= Byl's loop =

Cellular automaton

Byl's loop

The Byl's loop is an artificial lifeform similar in concept to Langton's loop. It is a two-dimensional, 5-neighbor cellular automaton with 7 states per cell, and was developed in 1989 by John Byl, from the Department of Mathematical Sciences of Trinity Western University.

== Details ==
The Byl's loop was developed just a few years after Langton's simplification of Codd's automaton, which produced a simpler automaton that would reproduce itself in 151 time-steps. John Byl simplified Langton's automaton further, with an even smaller automaton that reproduced in just 25 time-steps. Byl's automaton consisted of an array of 12 chips—of which 4 or 5 could be counted as the instruction tape—and 43 transition rules, while Langton's device consisted of some 10×15 chips, including an instruction tape of 33 chips, plus some 190 transition rules.

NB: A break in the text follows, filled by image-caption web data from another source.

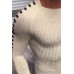 Men's Slim Long Sleeve Round Neck Sweater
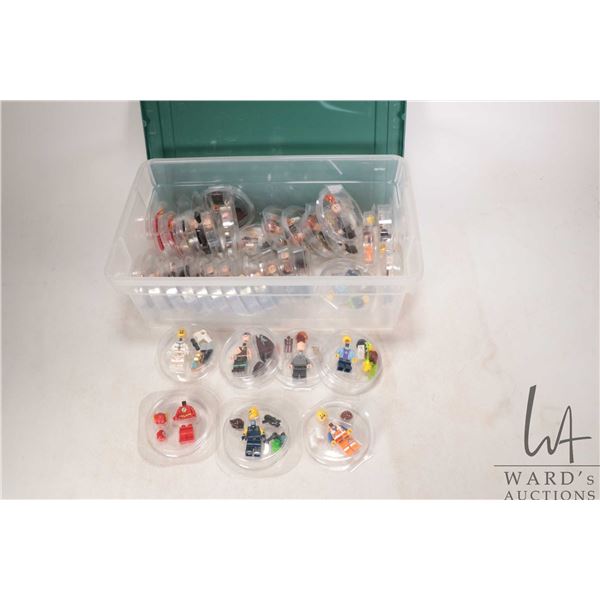 Thirty seven Minifigure kits, various themes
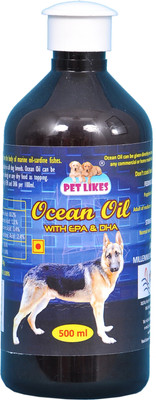 PET LIKES Ocean Oil ( 500ml ) Fish 500 ml Dry Dog Food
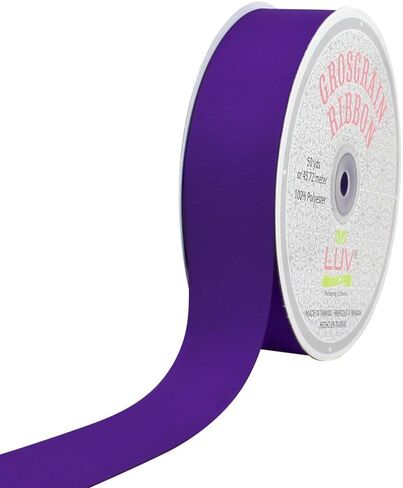 Creative Ideas Solid Grosgrain Ribbon, 1-1/2-Inch by 50-Yard, Purple in Saudi Arabia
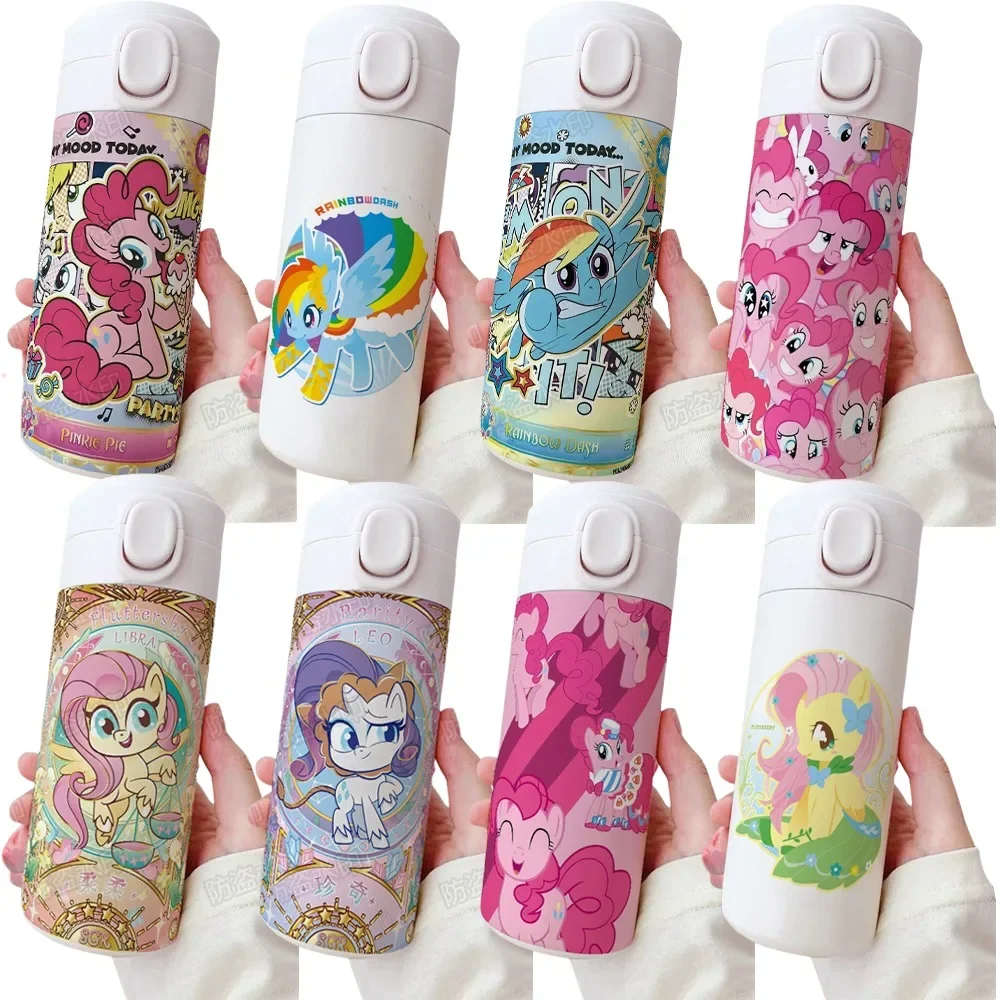 Anime Cartoon My Little Pony Water Cup Pinkie Pie Fluttershy Rainbow Dash Rarity 304 Stainless Steel Portable Thermos Cup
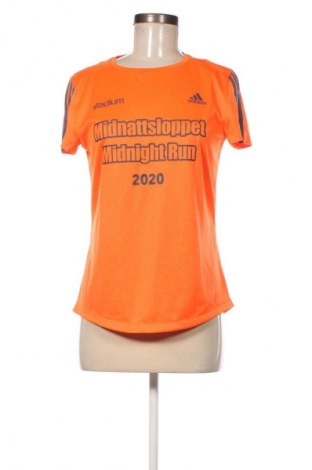 Damen T-Shirt Adidas, Größe M, Farbe Orange, Preis € 6,79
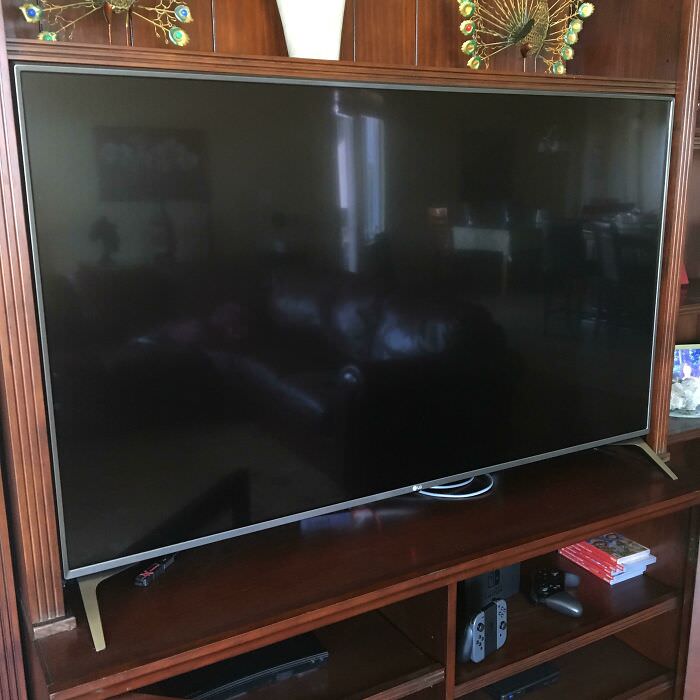 Successful purchase of a new TV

Essentially, the simplification consisted in using fewer cellular states (7 as compared with Langton's 8) and a smaller replicating loop (12 cells as compared with Langton's 86).

In 1989, John Byl devised a self-reproducing automata so small, twelve cells in seven states with forty-three transition rules, that it undermines "von Neumann's 'complexity threshold' separating trivial from non-trivial self-replication" (Sigmund 1993:24).